## Exercise goal
Print every entry, word for word, and skip the images.

## Data provided
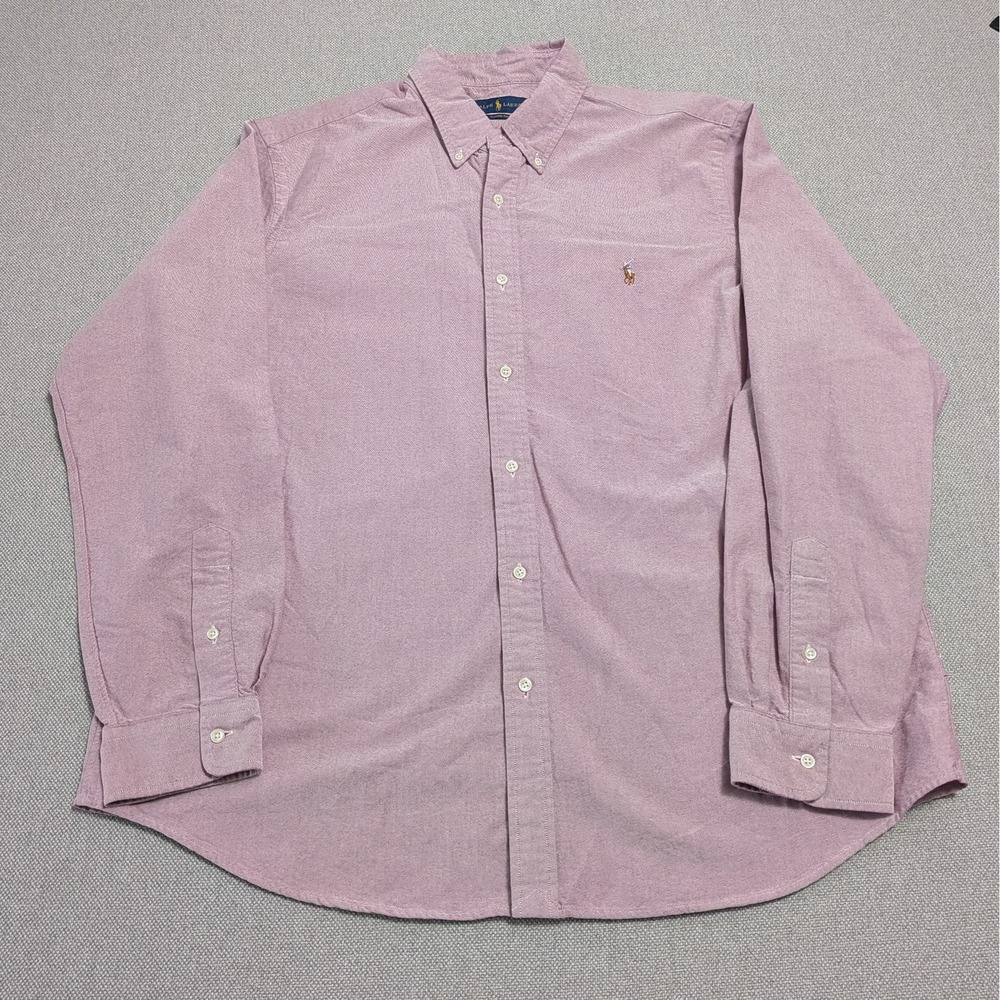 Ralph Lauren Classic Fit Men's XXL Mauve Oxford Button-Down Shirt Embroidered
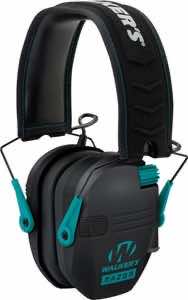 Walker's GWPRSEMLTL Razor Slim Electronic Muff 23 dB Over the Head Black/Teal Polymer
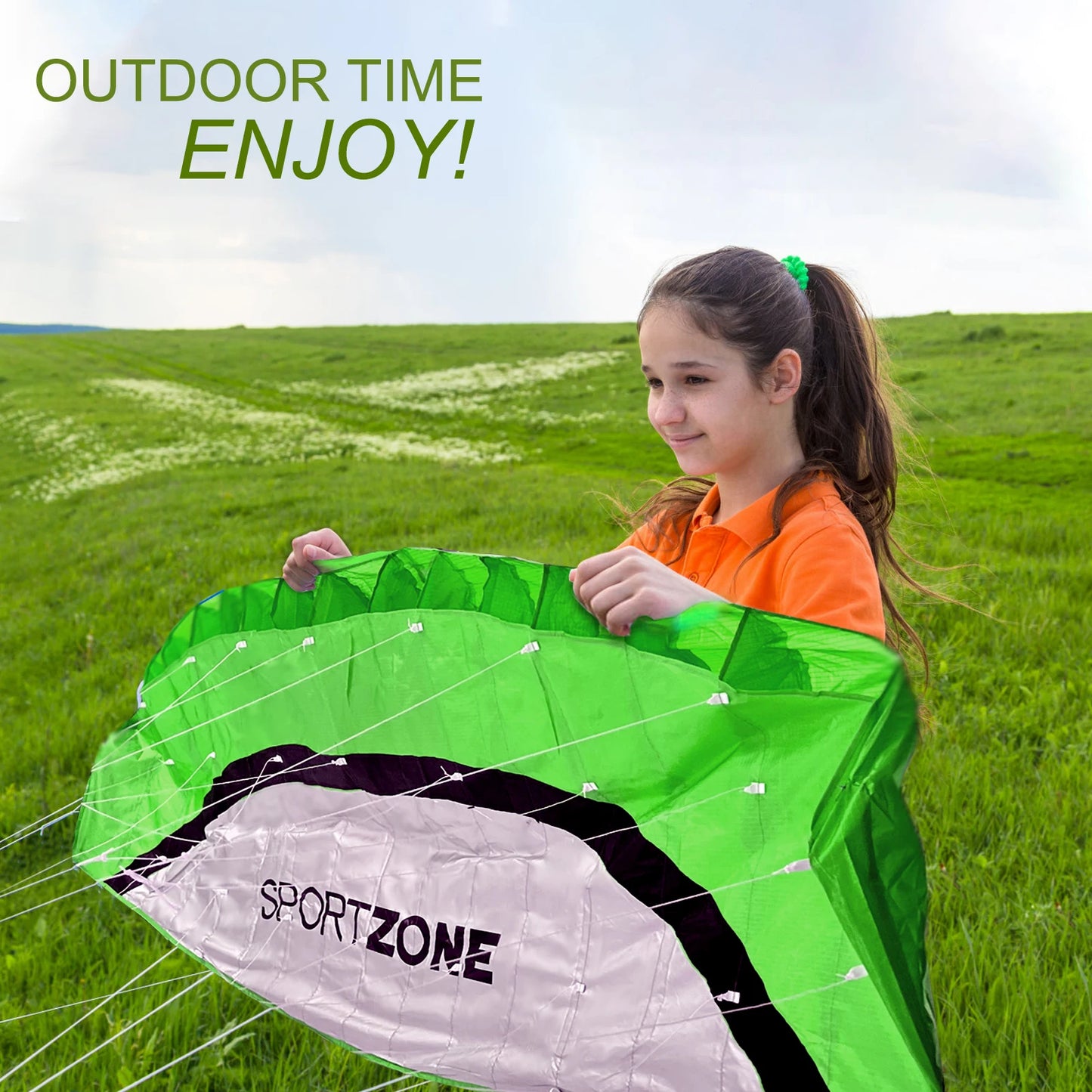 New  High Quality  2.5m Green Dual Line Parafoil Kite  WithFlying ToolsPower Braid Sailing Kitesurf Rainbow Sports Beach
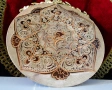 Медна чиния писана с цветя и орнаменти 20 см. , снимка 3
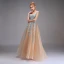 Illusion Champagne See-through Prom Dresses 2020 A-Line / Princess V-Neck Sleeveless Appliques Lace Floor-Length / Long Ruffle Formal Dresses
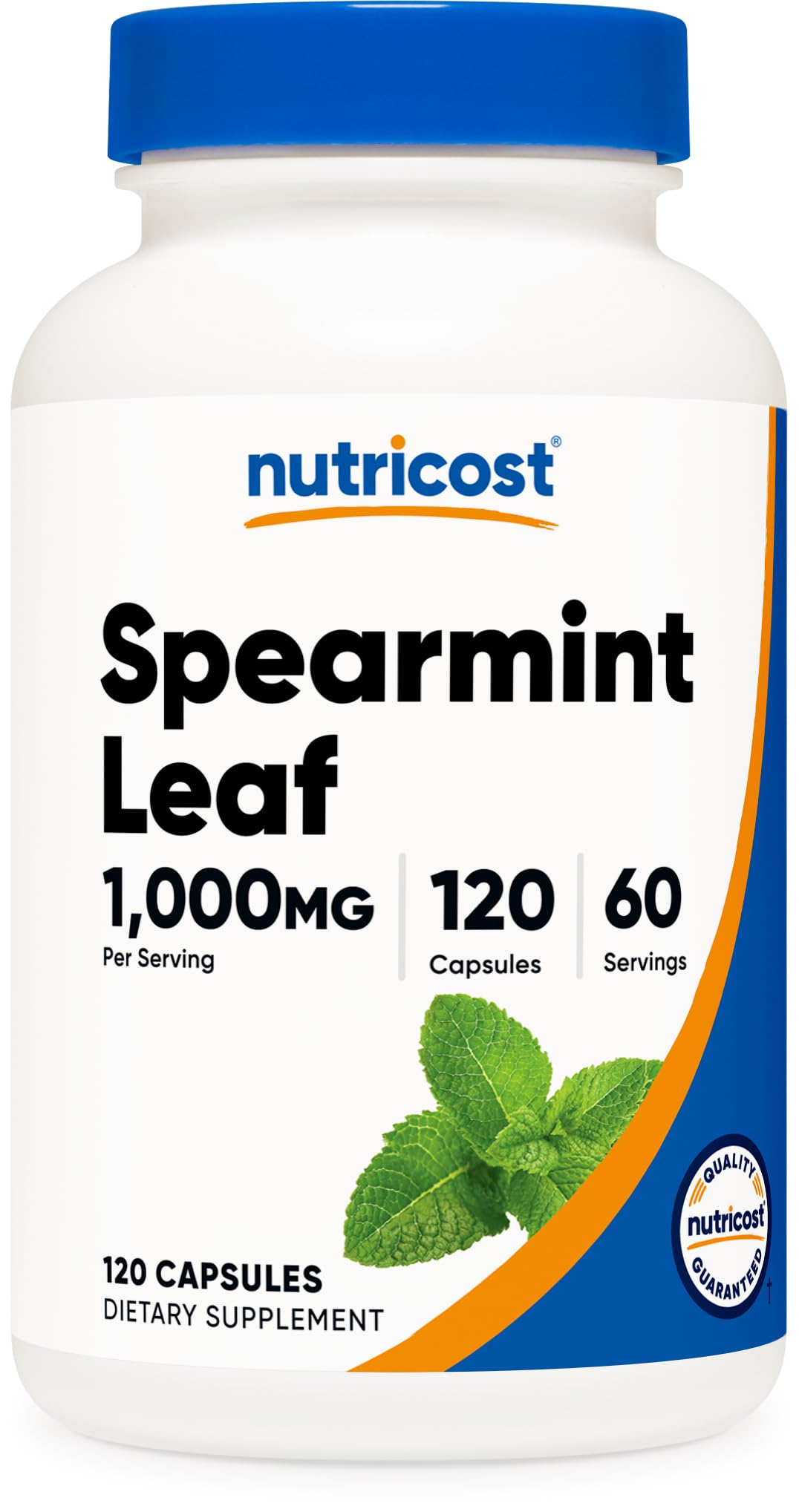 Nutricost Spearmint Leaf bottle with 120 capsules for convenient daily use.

## Response to this task
 Ralph Lauren Classic Fit Men's XXL Mauve Oxford Button-Down Shirt Embroidered
 Walker's GWPRSEMLTL Razor Slim Electronic Muff 23 dB Over the Head Black/Teal Polymer
 New  High Quality  2.5m Green Dual Line Parafoil Kite  WithFlying ToolsPower Braid Sailing Kitesurf Rainbow Sports Beach
 Медна чиния писана с цветя и орнаменти 20 см. , снимка 3
 Illusion Champagne See-through Prom Dresses 2020 A-Line / Princess V-Neck Sleeveless Appliques Lace Floor-Length / Long Ruffle Formal Dresses
 Nutricost Spearmint Leaf bottle with 120 capsules for convenient daily use.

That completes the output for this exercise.